Zwischen 1950 und 1970 vervierfachte sich der Anteil der ausländischen Bevölkerung in der Schweiz, den Hauptteil machten italienische Migranten aus, die sich hierzulande ein besseres Leben erhofften, auf das viele von ihnen allerdings lange warten mussten. Die Schweiz begegnete den Südländern mit Skepsis oder gar offener Ablehnung. Die Angst vor «Überfremdung» grassierte. In Zürich formierte sich die «Schweizerische überparteiliche Bewegung zur Verstärkung der Volksrechte und der direkten Demokratie», im Volksmund «Anti-Italiener-Partei» genannt. Die Schwarzenbach-Initiative kam vors Volk, die Hunderttausende Ausländer ausschaffen wollte und die knapp abgelehnt wurde. Max Frisch umschrieb die Gemütslage seiner Landsleute treffend: «Ein kleines Herrenvolk sieht sich in Gefahr. Man hat Arbeitskräfte gerufen, und es kommen Menschen.» Menschen, die auf der Suche nach Halt und Orientierung waren – und diese nicht zuletzt in den italienischen Vereinen fanden, die schweizweit in grosser Zahl entstanden.
Auch im Fussball bekamen die Italiener die Ablehnung deutlich zu spüren. Provokationen und Beleidigungen mussten sie erdulden. Dass es hie und da zu Raufereien kam, festigte das Klischee der gewalttätigen Ausländer. Der FC Black Stars Basel beantragte 1965 an der Delegiertenversammlung des nordwestschweizerischen Fussballverbandes, sämtliche «Ausländermannschaften» in eine eigene Gruppe einzuteilen. Um das zu verhindern, betrieb der Abgesandte der US Bottecchia Selbstgeisselung und bat um Verständnis dafür, dass es schwierig sei, «das Temperament der vielfach primitiven italienischen Spieler und Zuschauer im Zügel zu halten».

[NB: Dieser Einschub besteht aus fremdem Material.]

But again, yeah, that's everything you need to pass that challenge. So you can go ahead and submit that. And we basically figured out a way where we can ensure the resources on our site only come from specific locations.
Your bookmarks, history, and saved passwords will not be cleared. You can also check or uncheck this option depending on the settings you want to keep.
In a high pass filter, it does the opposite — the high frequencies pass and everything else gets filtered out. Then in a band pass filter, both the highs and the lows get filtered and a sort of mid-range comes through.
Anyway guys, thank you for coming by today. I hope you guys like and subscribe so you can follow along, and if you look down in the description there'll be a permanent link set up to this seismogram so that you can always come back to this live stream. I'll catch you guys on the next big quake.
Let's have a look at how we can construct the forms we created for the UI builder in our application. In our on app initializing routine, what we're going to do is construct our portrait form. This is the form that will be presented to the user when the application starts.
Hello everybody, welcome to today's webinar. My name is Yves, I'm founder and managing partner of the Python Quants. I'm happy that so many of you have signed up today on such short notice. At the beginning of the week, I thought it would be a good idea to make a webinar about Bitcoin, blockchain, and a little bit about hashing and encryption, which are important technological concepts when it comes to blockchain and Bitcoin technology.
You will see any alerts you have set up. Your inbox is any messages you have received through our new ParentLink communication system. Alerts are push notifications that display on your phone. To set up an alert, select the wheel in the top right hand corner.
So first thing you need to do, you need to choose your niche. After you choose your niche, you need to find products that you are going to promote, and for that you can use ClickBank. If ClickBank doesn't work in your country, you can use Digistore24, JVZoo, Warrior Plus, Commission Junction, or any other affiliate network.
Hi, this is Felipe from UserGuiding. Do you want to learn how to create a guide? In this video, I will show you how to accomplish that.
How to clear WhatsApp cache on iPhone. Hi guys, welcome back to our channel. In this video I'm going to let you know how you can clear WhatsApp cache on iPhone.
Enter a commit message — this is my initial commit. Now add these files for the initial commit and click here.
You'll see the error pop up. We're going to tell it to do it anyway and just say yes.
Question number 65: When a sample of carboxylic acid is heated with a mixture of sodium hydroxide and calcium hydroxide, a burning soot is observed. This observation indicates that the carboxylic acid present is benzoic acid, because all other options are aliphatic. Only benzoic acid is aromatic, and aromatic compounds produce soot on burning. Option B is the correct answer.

Die AC Rossoneri war der erste Fussballverein in Lausen. Italienische Migranten, viele von ihnen Milan-Fans, hoben den Fussballplatz eigenhändig mit Schaufeln und Pickeln aus und nannten ihn liebevoll und wenig überraschend «San Siro». Die Gastarbeiter tauschten sich aus, schwelgten in Erinnerungen an ihre Heimat und liessen eine Community entstehen, die als Nährboden für ihren Integrationsprozess in diesem noch fremden Land diente. Viele ähnliche Vereine überdauerten die Zeit nicht, auch die Rossoneri hätte dieses Schicksal fast ereilt. Als Präsident Dario Mulas vor 13 Jahren in den Vorstand gewählt wurde, stand der Klub vor dem Ende. Noch «eineinhalb Mannschaften» stellten die Rossoneri, mittlerweile sind es deren 16. Es entstand ein grosses, modernes Clubhaus, an Matchtagen wie heute schenkt ein älterer Herr an der Bar Getränke aus, in der geräumigen Küche bereiten zwei ebenfalls ältere Damen kleine Köstlichkeiten zu. Dass es eher langsam zu- und hergeht, daran stört sich hier niemand. Man kennt sich. Im kulinarischen Angebot spiegelt sich der Wandel wider, den die Rossoneri durchgemacht haben. Crostini und Pasta zeigen die italienischen Wurzeln, es gibt aber auch Wurstsalat, Schnipo und Burger. «Wir haben für alle etwas, und alles ist gut», sagt Mulas.
In den 80er-Jahren lief Mulas selbst für die Rossoneri auf, die damals fast ausschliesslich auf Italienischstämmige setzten. Heute habe noch rund die Hälfte der Spieler italienische Wurzeln. Diese Durchmischung schürt nun wiederum bei den Älteren gewisse Ängste. Vor sechs Jahren wurde die Generalversammlung zum ersten Mal auf Deutsch abgehalten. «Einige Vereinsmitglieder der ersten Generation haben sich danach beschwert, weil sie nichts verstanden und zudem die DNA des Vereins verwässert werde», erzählt Mulas.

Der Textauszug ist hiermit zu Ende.